I’ve been struggling to put a name…or a concept…or a feeling around the pace of my life lately. From the outside, it seems like I should be really busy…and sometimes I feel that way. But this feeling of busy is far different than what busy used to feel like.
And because this feeling that I knew so very well seems a bit foreign to me now, I’ve been putting a lot of energy to trying to understand why. Why am I not feeling overwhelmed? Why am I not feeling scattered? Why am I not feeling out of control? Or more positively framed, why do I feel a sense of peace despite everything that’s swirling about?
I was pondering this as I looked out the window and noticed some decent sized snowflakes fluttering to the ground and it hit me. Snowflakes are a complex creation…no two are identical yet they have more similarities than differences when observing them from the outside. Despite their complexities and the harshness of winter, they never seem to be in a hurry. Even in a blizzard, each individual snowflake is simply doing its job…eloquently falling to the earth.
If they do appear to be in a hurry, it’s the wind pushing them along. Swirling them around. But regardless of what the wind does, the snowflake is still a snowflake. And that’s what I’ve come to realize about the pace of my life.
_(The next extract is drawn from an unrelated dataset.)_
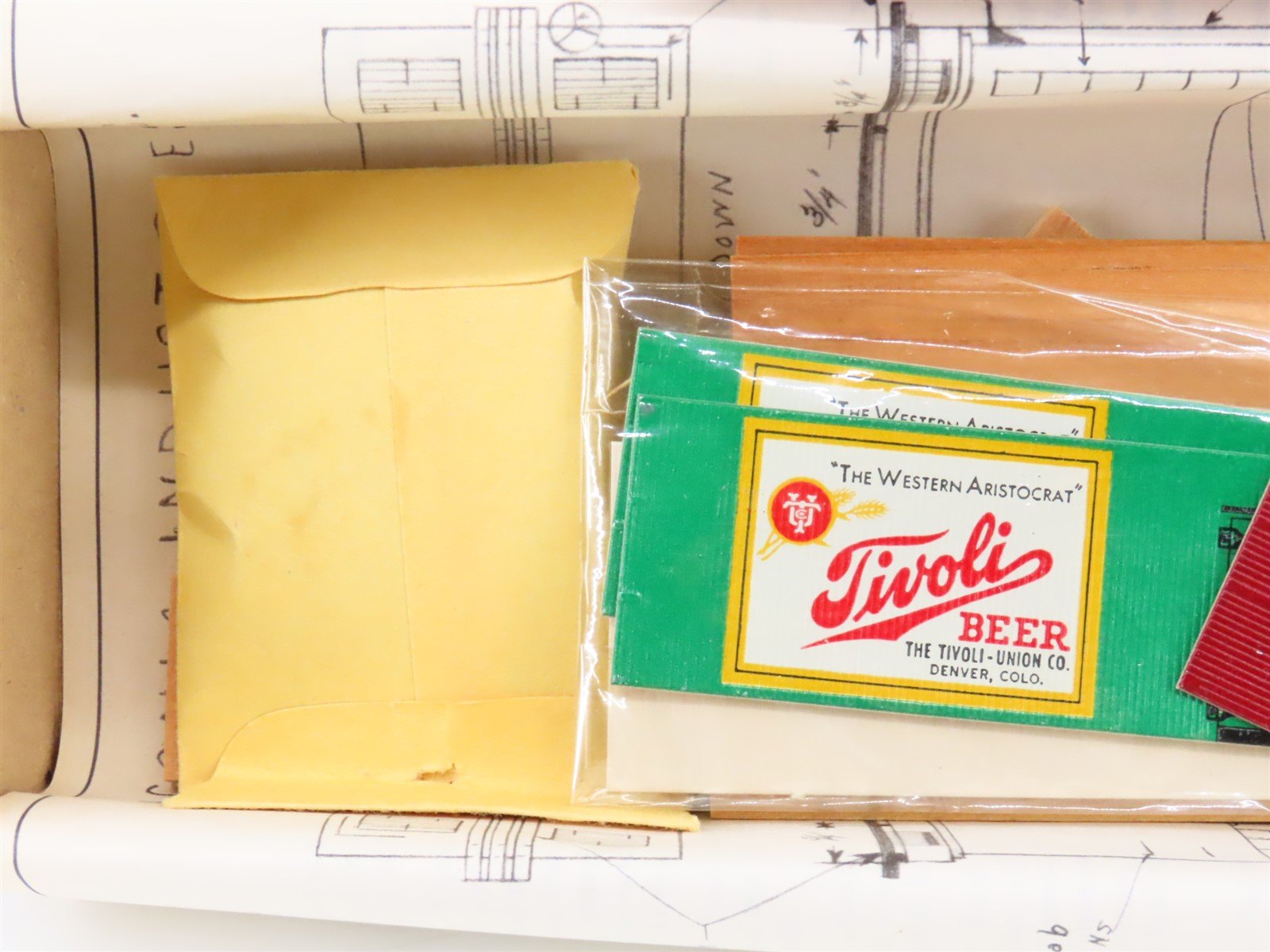 HO Scale Laconia Wood Kit #5101 TUX Tivoli Beer Reefer #5101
Because I’m finally in control of my own destiny…meaning I’ve taken full responsibility for what I do and how I feel about it…I’m able to remain unchanged. Able to continue to be at peace and calm despite how the wind may blow around me.
Rather than getting caught up in the breeze, I’m learning to ride the gusts much like the snowflake. I’m finally able to see…and feel…the difference between the two. Just because the wind blows hard and cold, doesn’t mean I have to be. I’m content to remain a complicated, delicate snowflake.